### WHAT IS BEING ASKED:
Everything in the records below is to be reproduced exactly, apart from the images.

### GIVEN RECORDS:
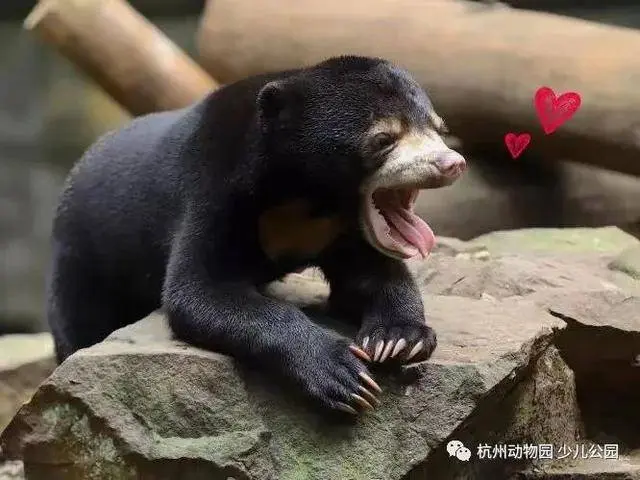 杭州动物园黑熊是东说念主假扮的？动物园辟谣：“我”是马来熊！
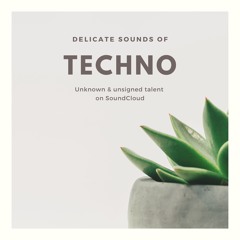 Delicate Sounds Of Techno
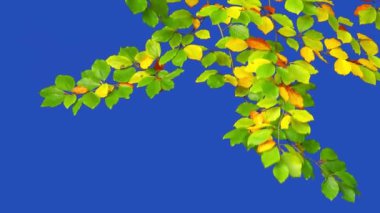 Sarı yapraklar mavi ekran üzerinde bir ağaç dalında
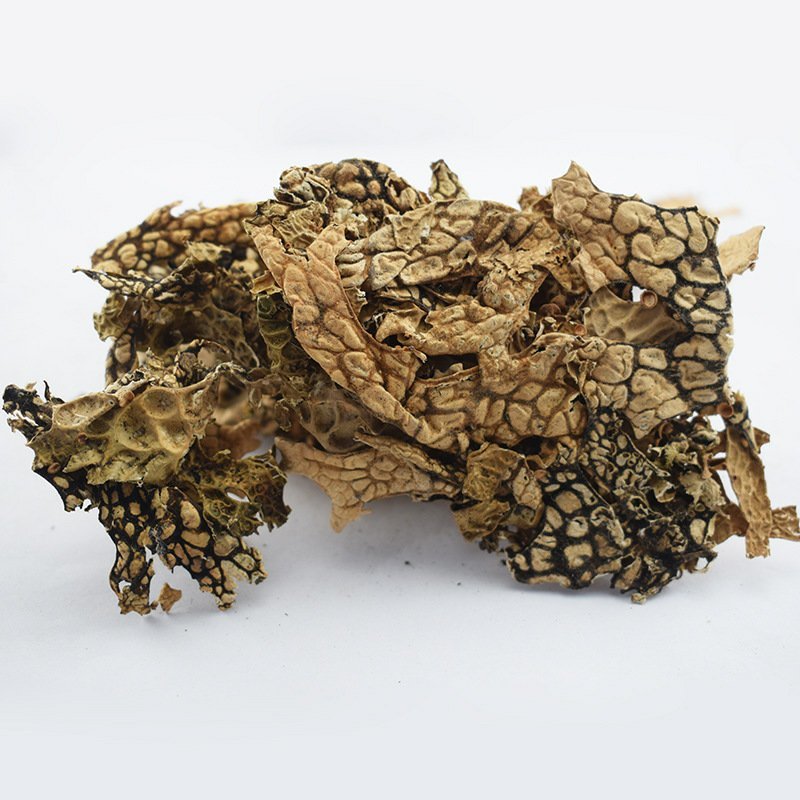 老龙皮石龙皮石龙衣供应上千种中药材批发零售量大从优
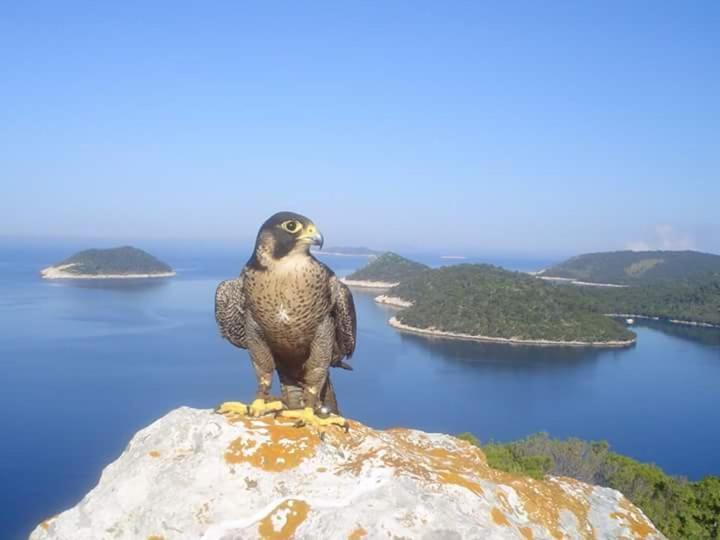 Dragovoda Bay Uble Exterior foto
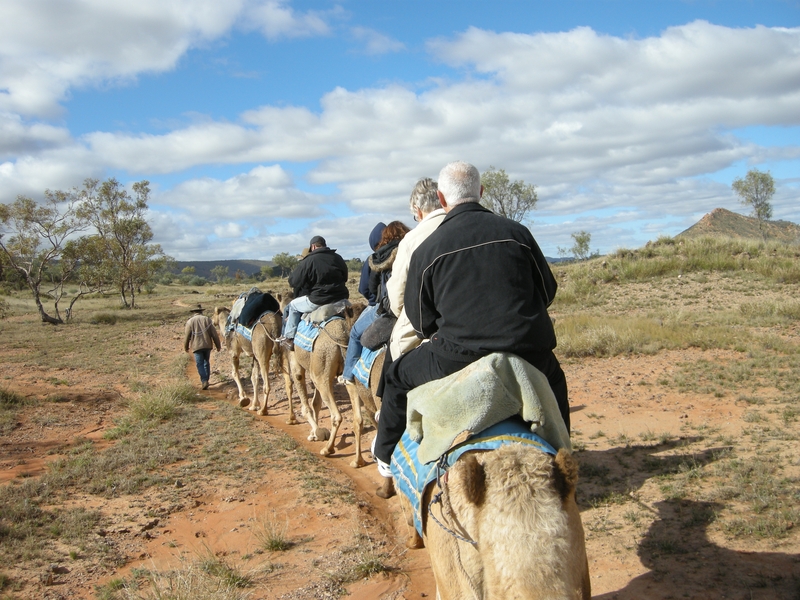 201573: Camel Ride off Ilparpa Road  Alice Springs Northern Territory
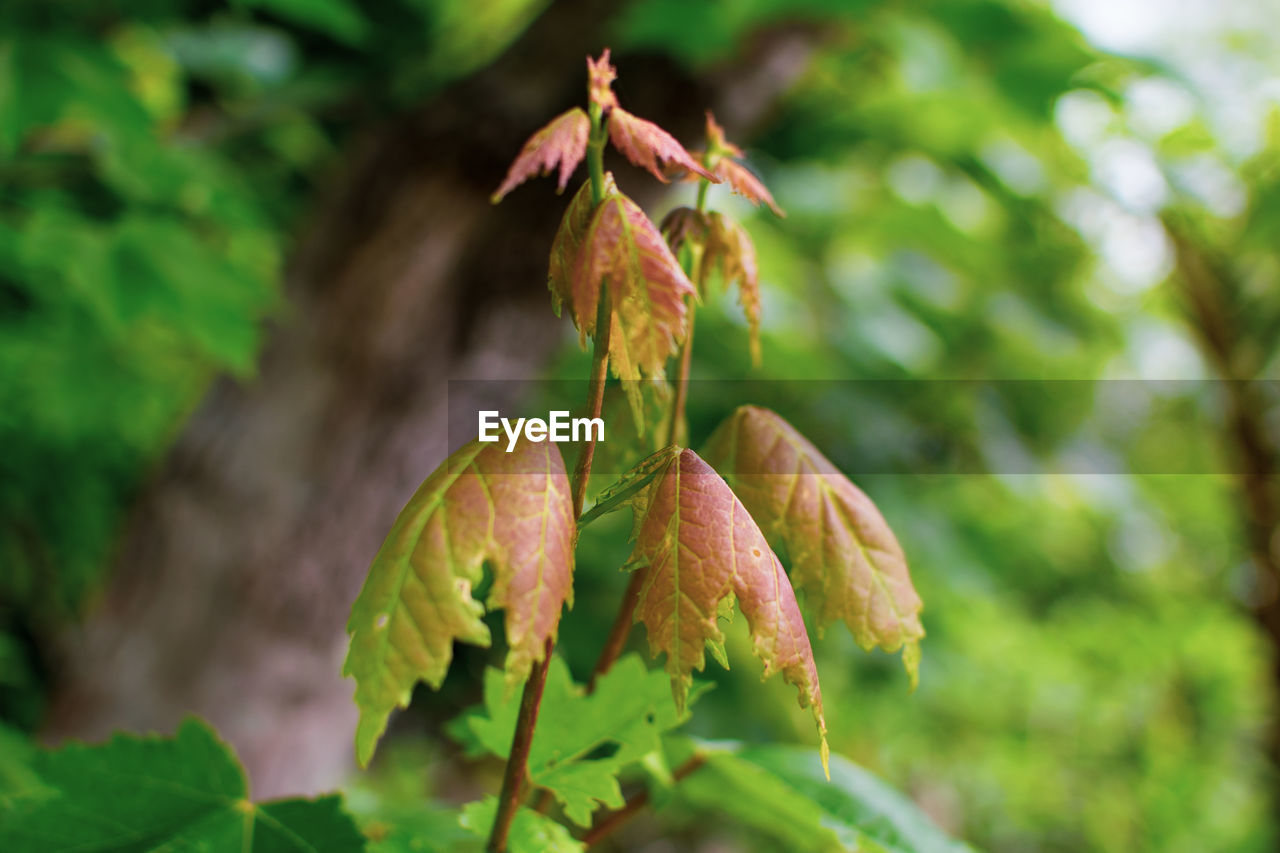 Close-up of flowering plant leaves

### TASK RESULT:
 杭州动物园黑熊是东说念主假扮的？动物园辟谣：“我”是马来熊！
 Delicate Sounds Of Techno
 Sarı yapraklar mavi ekran üzerinde bir ağaç dalında
 老龙皮石龙皮石龙衣供应上千种中药材批发零售量大从优
 Dragovoda Bay Uble Exterior foto
 201573: Camel Ride off Ilparpa Road  Alice Springs Northern Territory
 Close-up of flowering plant leaves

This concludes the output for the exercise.